Thread

  1. Re: Limit memory usage by postgres_fdw batches

    Tomas Vondra <tomas@vondra.me> — 2025-12-27T13:18:56Z

    Hi Alexander,
    
    On 12/26/25 11:54, Alexander Pyhalov wrote:
    > Hi.
    > 
    > We had some real cases when client set rather big batch_size on server
    > level, but for some foreign table, containing large documents, it was
    > inadequate and lead to OOM killer intervention. You can argue that
    > batch_size can be set on foreign table level, but it can still be not
    > flexible enough, when tuple size varies.
    
    I agree this can be an issue with large tuples.

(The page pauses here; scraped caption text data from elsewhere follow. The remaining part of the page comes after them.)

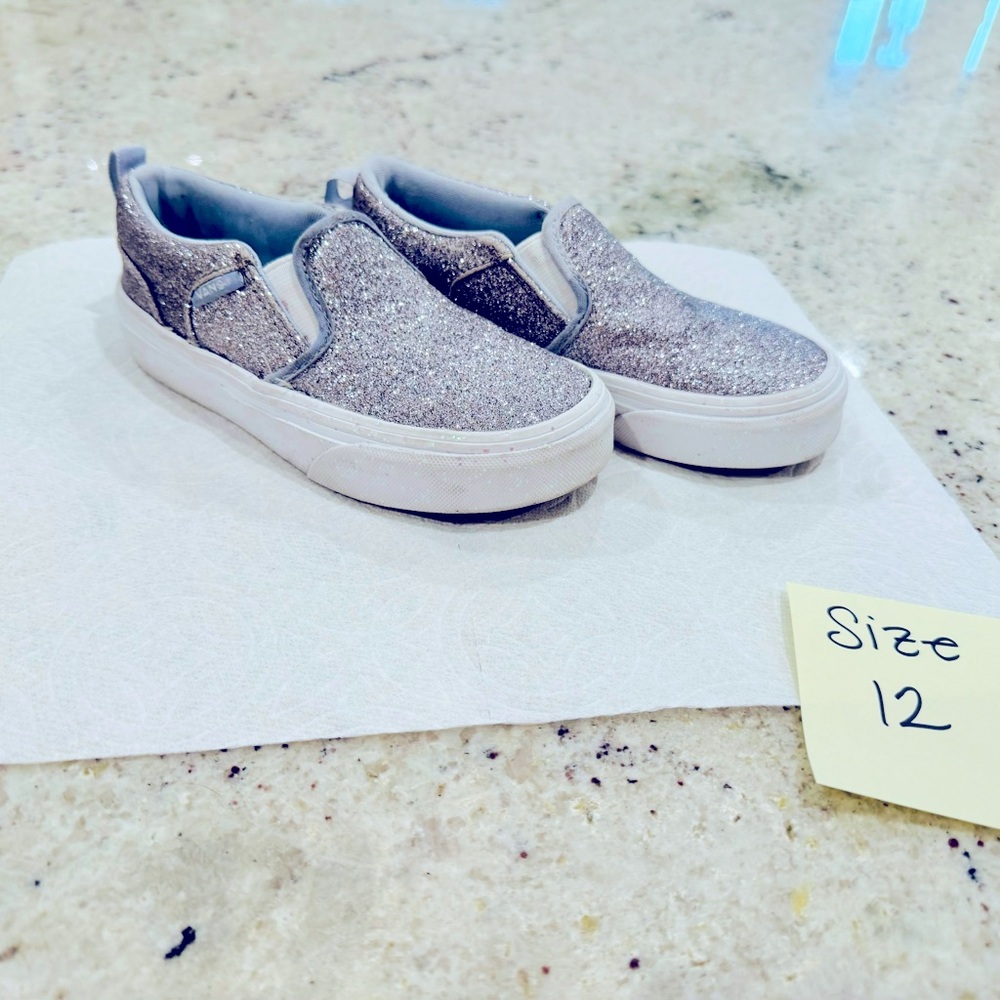 Vans kids size 12 silver glitter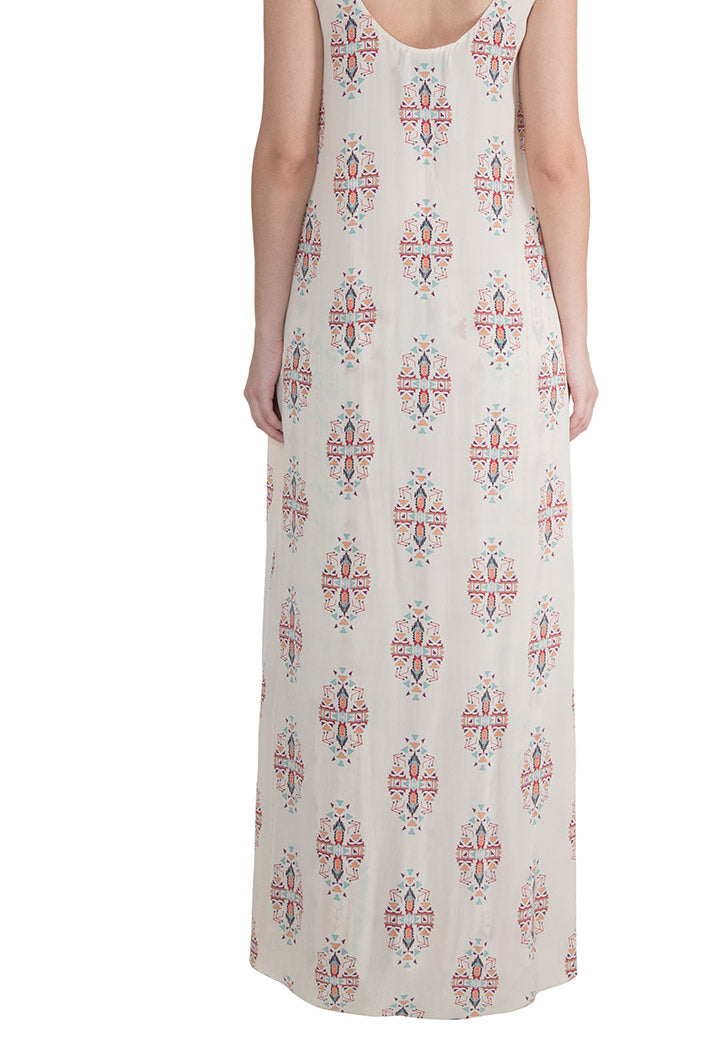 Azizah Cream Printed Crepe High-Low Kurta with Frill Palazzo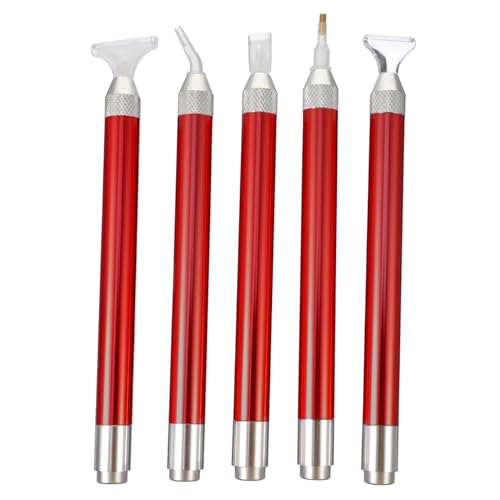 Angoily 5 Stück Point Luminous Stift -Punktierstift Werkzeug zum Selbermachen Kreuzstich-Punktierstift -Zeichenstifte DIY- -Stickwerkzeuge Plastik rot von Angoily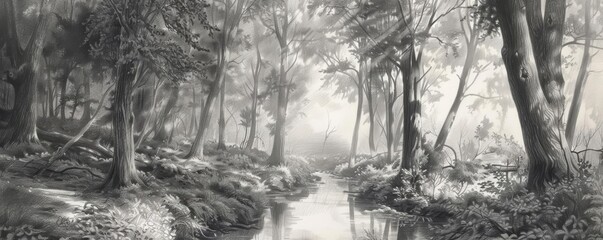 Create a black and white digital painting of a dense forest with a small stream running through it
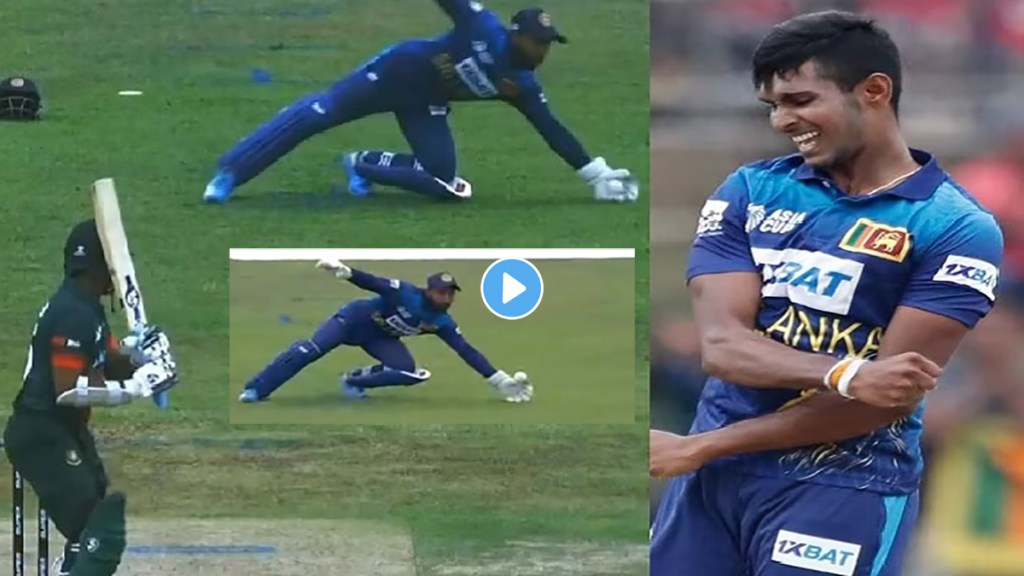 Kusal Mendis plucks an excellent catch to dismiss Bangladesh Captain Shakib Al Hasan in Asia Cup 2023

It'd be good to consider
    the size, not just the number of tuples.
    
    I think you modified the right places, but I think there are two or
    three issues we should improve:
    
    1) It calls estimate_batch_length() for every ExecInsert() call, i.e.
    for every tuples. And it walks all tuples up to that point, which makes
    it O(N^2). I haven't measured how significant it is, but AFAICS we could
    track the current size of the batch fairly easily, and use that.
    
    2) work_mem is in kilobytes, while batch_len is in bytes, so the
    comparison (batch_len > work_mem) is not quite right. I'll probably fire
    every time, preventing any batching.
    
    3) Isn't this consider the size of the new tuple in batch_len? Imagine
    the tuples are 99% of the work_mem limit. We add the first one. When
    adding the next one we check the current batch is below work_mem, and so
    we proceed to add the second tuple. Now the batch is 1.98% of the limit.
    
    I think it should work like this:
    
    1) batch_len + tup_len < work_mem => add tuple to batch
    2) tup_len < work_mem => flush batch, add tuple to batch
    3) tup_len => work_mem => flush batch, insert tuple directly
    
    What bothers me a little bit is that this is per relation. AFAICS when
    inserting into a partitioned table with multiple foreign partitions,
    each partition will have a separate limit. I wonder if we could do
    better and have some sort of "global" limit for the whole insert.
    
    But that's not the fault of this patch, of course.
    
    > I suppose this case is also
    > takes place for fetch_size. Issue here is that we can't somehow limit
    > size of data (versus number of rows) while fetching from cursor. But we
    > can use tuple store to preserve fetched results, so that they spill out
    > to the disk.
    > 
    
    Perhaps. Seems like a separate issue. I haven't looked very closely, but
    do we want to use the tuplestore always, or just when the tuples get too
    large? It might even be on batch-by-batch, I guess. With fetch_size=1
    it's hardly useful, right? Is the tuplestore management measurable?
    
    > I'm attaching two patches which try to fix issues with possible huge
    > memory usage by postgres_fdw batches.
    > With fetched tuples we still can't use only tuplestore, as ctids are not
    > preserved, and so have to store them separately.
    > 
    > The reproducer for insert is simple.
    > 
    > create extension postgres_fdw ;
    > create server loopback foreign data wrapper postgres_fdw options (dbname
    > 'postgres', port '5432', batch_size '100', fetch_size '100');
    > create table base_table(i int, s bytea);
    > create foreign table foreign_table (i int, s bytea) server loopback
    > options(table_name 'base_table');
    > create user mapping for public server loopback ;
    > 
    > insert into foreign_table select i, pg_read_binary_file('/some/big/
    > file') from generate_series(1,1000) i;
    > 
    > will easily grow backend RSS to several gigabytes.
    > The first patch fixes this problem.
    > 
    > The second patch alleviates the second issue - SELECT * queries also can
    > grow backend memory to several GBs. Still memory usage can peak (on my
    > toy examples) up to 3-4 GB, but at least it seams 1-2 GB less than non-
    > patched version.
    > 
    
    How large are the tuples? How much higher was this RSS than the
    theoretical minimum?
    
    
    regards
    
    -- 
    Tomas Vondra